◆ **Work instructions**: Your task is to retype, exactly and without pictures, the line holding "Silsila Tashreeh-e-Munajaat Maqbool" and each line that follows it to the end of the entries.

◆ **Data listing**:
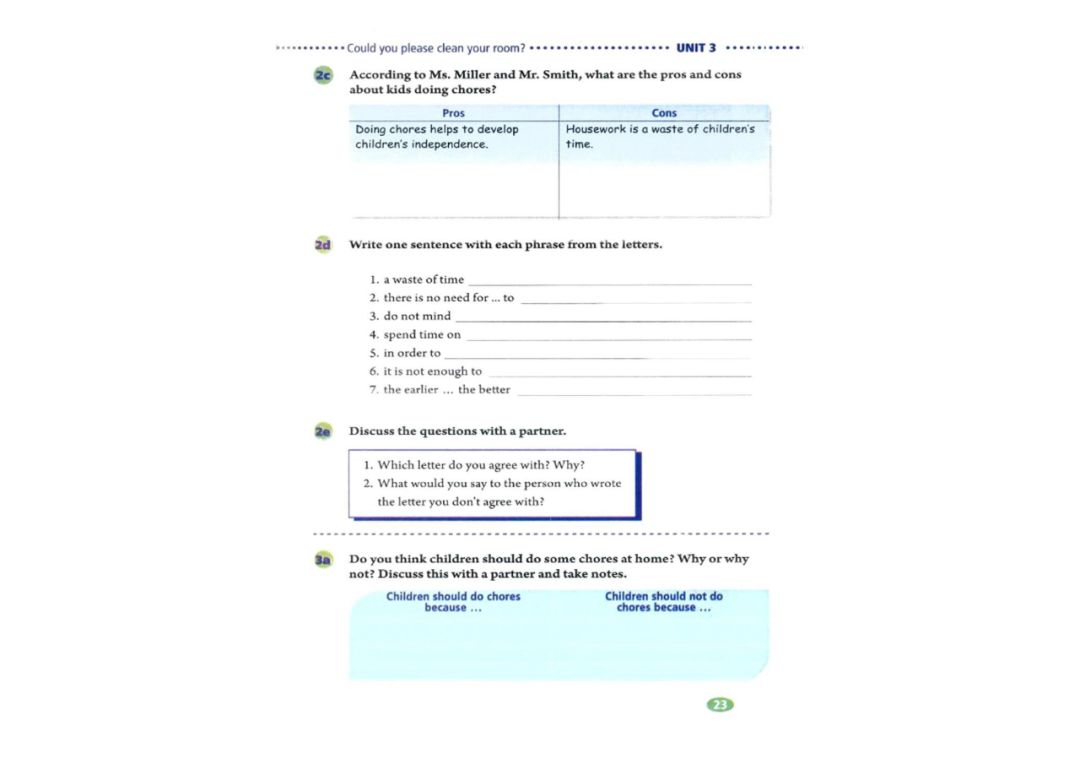 八年级下册英语教材完全解读下载,在家学人教版五年级英语下册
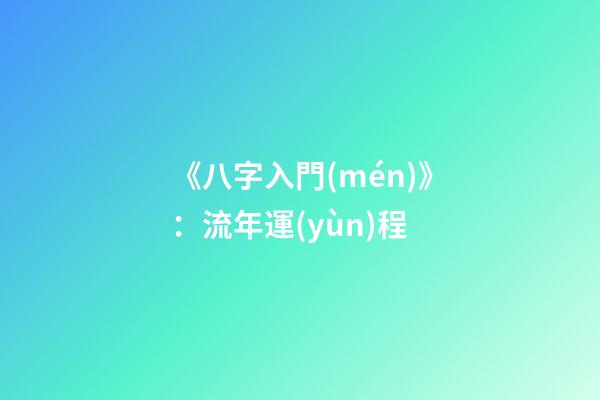 《八字入門(mén)》：流年運(yùn)程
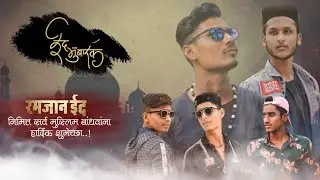 How to make New Eid Mubarak Status banner banaye 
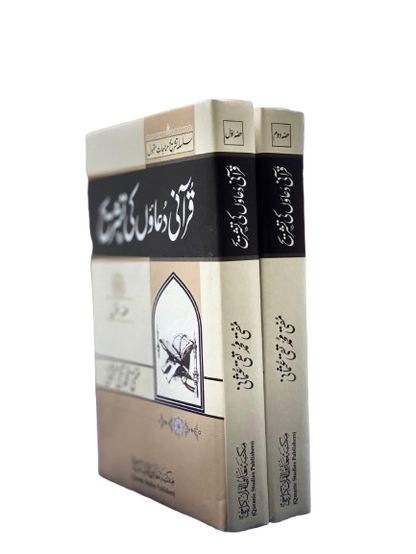 Silsila Tashreeh-e-Munajaat Maqbool (2 Volumes Set) – Explanation of Qur’anic Supplications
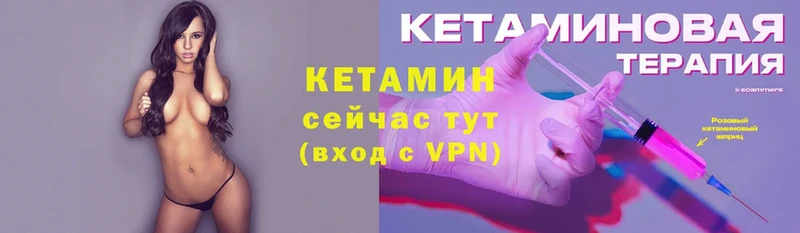 КЕТАМИН ketamine  Жуков 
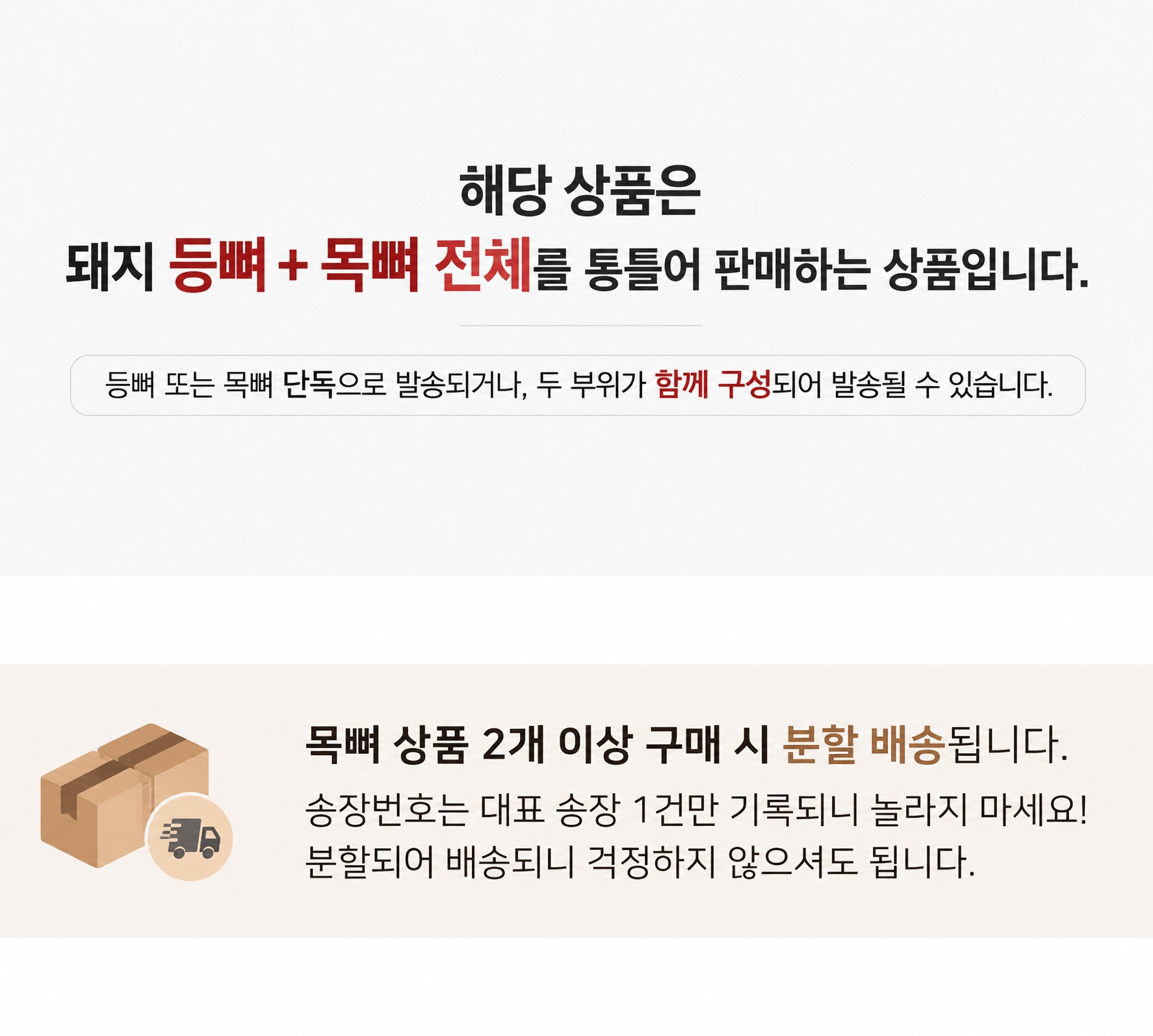 농부의 정육점 국내산 한돈 냉동 목뼈등뼈, 4kg 담기 전 저는 이것부터 봐요 5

◆ **Answer box**:
 Silsila Tashreeh-e-Munajaat Maqbool (2 Volumes Set) – Explanation of Qur’anic Supplications
 КЕТАМИН ketamine  Жуков 
 농부의 정육점 국내산 한돈 냉동 목뼈등뼈, 4kg 담기 전 저는 이것부터 봐요 5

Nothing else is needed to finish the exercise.